To backtrack a bit, several weeks prior to this, I had intervened in a scrap between two of our French bulldogs and one had accidentally put a corner incisor through the cuticle of my thumb. He was remorseful and, because dressage breeds toughness, life went on.
Unfortunately, as I was adjusting the cling wrap over the serving bowl now heaped with my excellent potatoes, I noticed—hmmm . . . . my week-old band-aid seemed to be missing.

When Susan passed through the kitchen half an hour later on her way to bed, my potatoes were spread in thin layers over three cookie sheets, and I was meticulously and repeatedly combing through them, searching without success for my band-aid.

One problem with mashing red-skins—everything looks like a band-aid.

As the clock struck one, I was ready to give up. I spooned them all back into the bowl and placed them in the fridge, planning to try again in the morning. Later, lying in bed with the light off, I thought, “What if I never find it?” The stores will be closed. I’m out of fresh spuds, and anyway, wouldn’t it be wasteful to throw all the mashed ones out?

“Meanwhile, what are my ethical responsibilities? Should I take the chance that during the meal Susan or I will be lucky enough to find the band-aid in the servings on our own plates? Should I be silent and risk one of the old folks pulling it out of his dinner, examining it between his forefingers, and then fainting dead away into the corn pudding and green bean casserole? Or do I ‘fess up right after grace is said and perhaps be banished from all future holiday gatherings?” No satisfactory answer presented itself before I drifted off.

At seven am I was back at my countertop, panic building as I resumed harrowing when my mind flashed on the kitchen trash basket. In it—the soppy pile of pinkish paper towels from my Mama Stamberg faux pas of the night before.

And that’s where I found my band-aid.
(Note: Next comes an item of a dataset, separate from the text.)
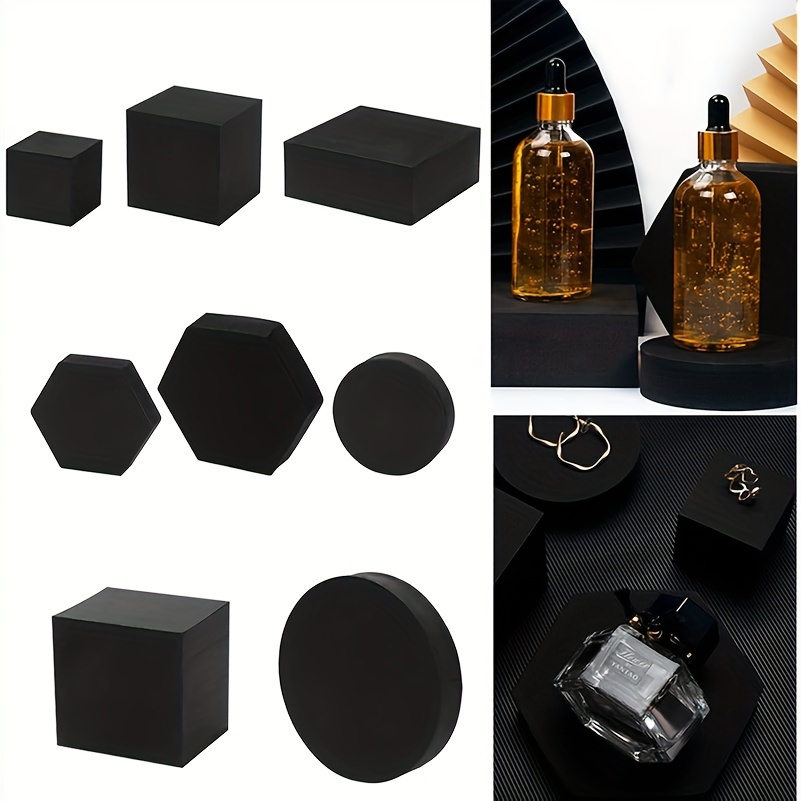 

Ensemble de 8 accessoires de photographie en mousse EVA dure - Formes géométriques noires pour la présentation de produits, la mise en valeur de bijoux, la photographie cosmétique et les photos à plat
It had never gotten as far as my fine potatoes in the first place. That abruptly, Thanksgiving was saved, and not even I had to learn how the wrestling match with my conscience would’ve turned out.

As time passed, my secret periodically emerged—usually late at night somewhere as friends and I were killing a second or third bottle of red wine. The morning after one such merlot-inspired confession, I sat down to breakfast before the third day of an Idaho clinic. The nefarious husband of my student placed a fabulous meal before me: coffee, orange juice, bacon, toast, hash browns, and a cheese omelet . . . . over which he had thoughtfully and strategically draped, yes, a band-aid!